Esta Rusia no nace del todo después del comunismo. Hubo una primera fusión de comunismo y nacionalismo con la experiencia de la Segunda Guerra Mundial. Agazapada en el lenguaje oficial, se cultivó con esmero durante la época postestalinista hasta eclosionar como ideología unificadora en la Rusia postsoviética. Uno de sus ingredientes fue la cooptación -servil, no le quedaba otra- de la Iglesia Ortodoxa como sostén de patriotismo y del Estado, lo que se multiplicó con la caída del comunismo y la sensación de vacío que se produjo, junto con el desmoronamiento y caos que le siguieron, lo que a su vez fortaleció algo propio del comunismo y con raíces seculares: la nostalgia por la autoridad absoluta. En buena medida eso explica a Putin. Eso sí, que en el largo plazo lo religioso de la religión, la llama espiritual que le permite ser tal, tendrá que vivir su particular agonía.
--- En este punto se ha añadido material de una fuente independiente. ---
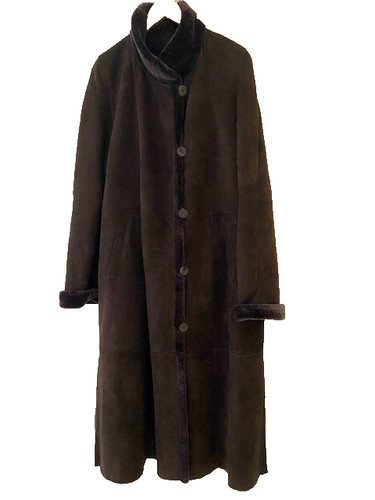 Shearling long coat size - shearling,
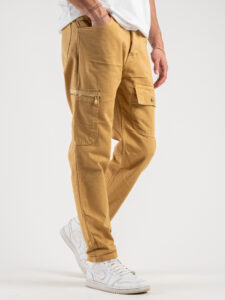 OVER-D Pantalone con tasconi e dettagli oro OE1S2S4P53 Biscotto (4)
¿Cómo puede explicarse esta evolución? Es probable que sea el congelamiento de los setenta años de comunismo que impidieron que Rusia tuviera la evolución europea en el siglo XX, que anunciaban las décadas que precedieron a la Primera Guerra Mundial y la revolución. Privada de todo rasgo de sociedad abierta y de espíritu liberal, sin siquiera desarrollar un genuino pensamiento marxista de alto vuelo, solo respiró el aire totalitario y el doble lenguaje para después estallar en una regresión a un pasado idealizado, carente del frescor del antiguo régimen prerrevolucionario. Son pocos los países poscomunistas que no han caído en estas tentaciones.

La otra consecuencia es algo hipotética, y quizá sea más relevante para el futuro de la sociedad humana. Se ha hablado acerca del fracaso de la experiencia comunista o marxista como si fuera asunto concluido. Algunos recalcitrantes, en especial sectores intelectuales, afirman no sin frío cinismo que solo "leyeron mal a Marx" o sacralizan este o aquel párrafo de "La ideología alemana", que un nuevo experimento basado en un análisis más profundo podría tener éxito... La frivolidad con el destino de millones.

No obstante, la nostalgia por una sociedad colectivista o totalitaria no siempre procede de una ebriedad ideológica, del espíritu de secta o del "miedo a la libertad", sino que puede ser el resultado de un afán humano atendible. Me explico. La experiencia totalitaria desapareció no porque no tenía posibilidad de perdurar, sino porque compitió con sociedades abiertas que tenían más dinamismo en lo político, en lo económico, en lo cultural, y estaban dispuestas a confrontar el desafío de los sistemas cerrados cuya legitimidad dependía del colapso de las primeras, las democracias desarrolladas. Es dable pensar que un mundo de puros sistemas totalitarios podría tener una larga duración; sería el único horizonte que sus humanos conocerían, un perpetuo "1984".

Me preocupa otro segmento social, creo que minoritario pero respetable en su humanidad y desvelos, aquellos millones que ante los drásticos vaivenes -como las súbitas crisis de 1929 o de 2008 (en Chile, en especial la de 1982)-, después de que los expertos con gesto arrogante proclamaban que todo estaba bien y mañana mejor, para a continuación explicar que se requería solo "un ajuste" para equilibrar la situación, quedaban en el desamparo. Esas masas o parte de ellas -quizás no consciente pero sí instintivamente- preferirían la seguridad algo carcelaria pero con ración asegurada -digamos, no la URSS de Stalin pero sí la de Brezhnev-, antes que la probabilidad arroje a muchos a una caída de la cual no alcanzarán a recuperarse en el curso de sus vidas. Entendiendo que la sociedad humana siempre estará sometida a zozobras, hay algunas que se pueden aminorar. El desafío de la economía política radica en cómo atenuar las crisis, cómo adelantarse a ellas, cómo proteger en un mínimo a la población. La pervivencia de la democracia depende de que haya un grado de aprendizaje en este sentido.

De las ruinas humeantes de la experiencia totalitaria puede emanar un gas como espejismo seductor, aunque asfixiante sobre varios tipos humanos.